The United Nations is appealing for $106 million (Sh10.9 billion) to save 5.6 million people in 11 counties from starving.
In a video uploaded on YouTube, UN resident coordinator in Kenya Siddhartha “Sid” Chatterjee appealed for support to aid government efforts to provide food to communities that are already vulnerable.
One of the counties is Turkana whose level of acute malnutrition has reached 37 per cent, more than twice the tolerable levels of 15 per cent.
A press briefing from UNDP said that of the 5.6 million— which is 12 per cent of Kenya’s entire population— that have been affected, 2.6 million face severe food insecurity.
Another 500,000 are categorised as “emergency”, on the brink of starvation and about 370,000 children need urgent treatment for acute malnutrition.
While Mr Chatterjee did not go into the details of what the “urgent treatment” entails, the procedure that has been used to avert possible deaths of children in the northern region is feeding children with a sweet paste called Plumpy’nut.
Plumpy’nut is a mixture of peanut butter, vegetable oils, powdered milk, sugar, vitamins and minerals fed to malnourished children and they can regain more than 10 per cent of their body weight in a few days.

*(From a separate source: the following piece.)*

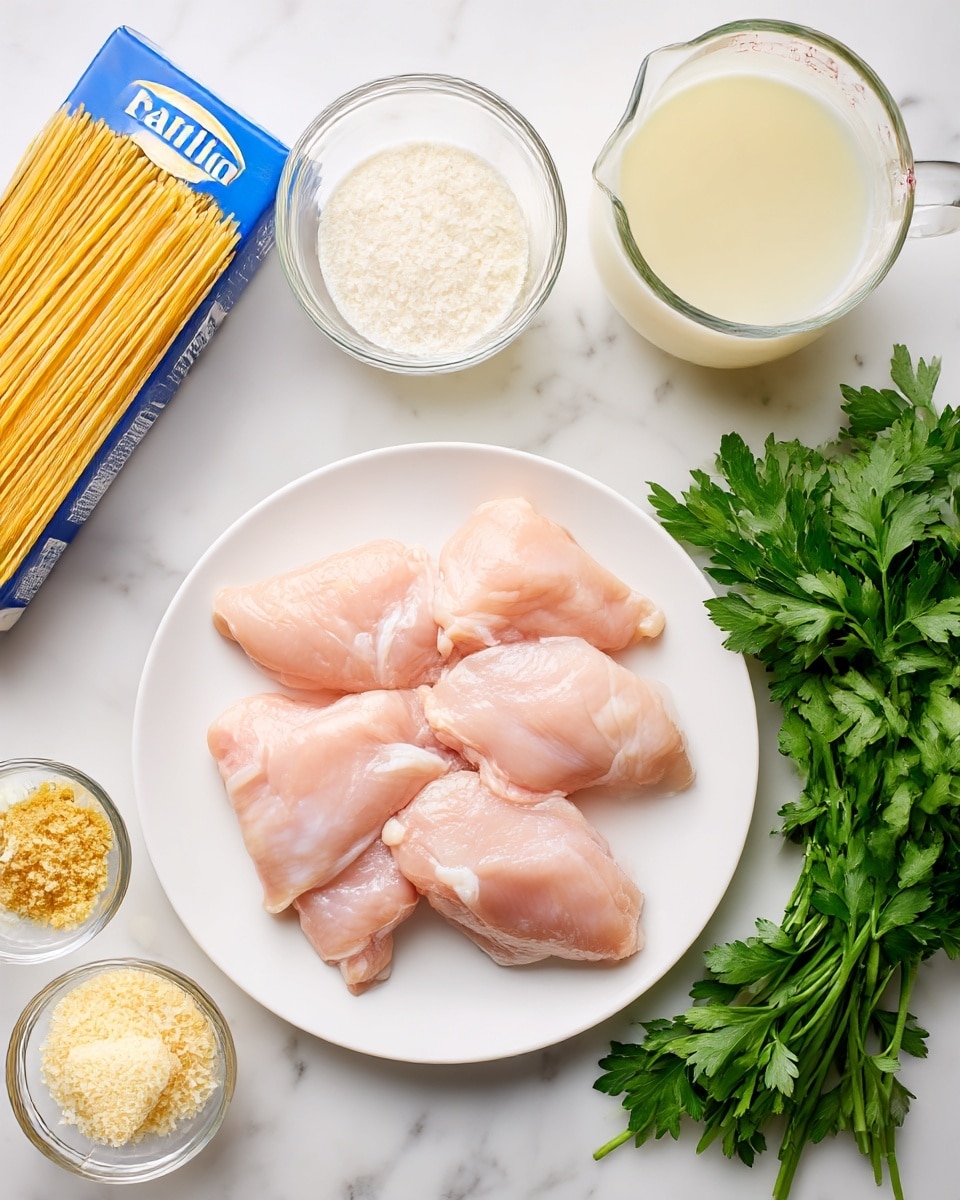 The image shows raw chicken pieces placed in the center of a white plate on a white marbled surface. Around the plate, there are different ingredients: a blue box of uncooked spaghetti pasta on the left, a small glass bowl of grated cheese below the plate, and a small glass bowl with minced garlic next to it. Above the plate, there is a glass measuring cup filled with milk and next to it, another glass measuring cup filled with broth. On the right side of the plate, there is a bunch of fresh green parsley. The whole setup is brightly lit, giving a fresh and clean look, photo taken with an iphone --ar 4:5 --v 7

After a week or two, the children’s hunger-ravaged digestive system will be strong enough, so that after a week they can move to being fed on soya blend with corn flour.
Studies on malnutrition indicate that even if starvation is averted, it is inevitable that some of the children will have possible brain damage and be stunted.
Already, Kenya’s Demographic Health Survey reports that one in every four children (26 per cent) are undernourished.
Mr Chatterjee said that this is the second appeal made on behalf of Kenya; the first was in March, however, only 43 per cent of the monies required was raised, prompting the UN to make another appeal.
The money requested will be added to Kenya’s Sh12.7 billion ($ 124 million) that was set aside in the government’s effort to tackle ravaging effects of the drought.
He urged the international community to make haste because the government’s response will be slower given the political climate in the country.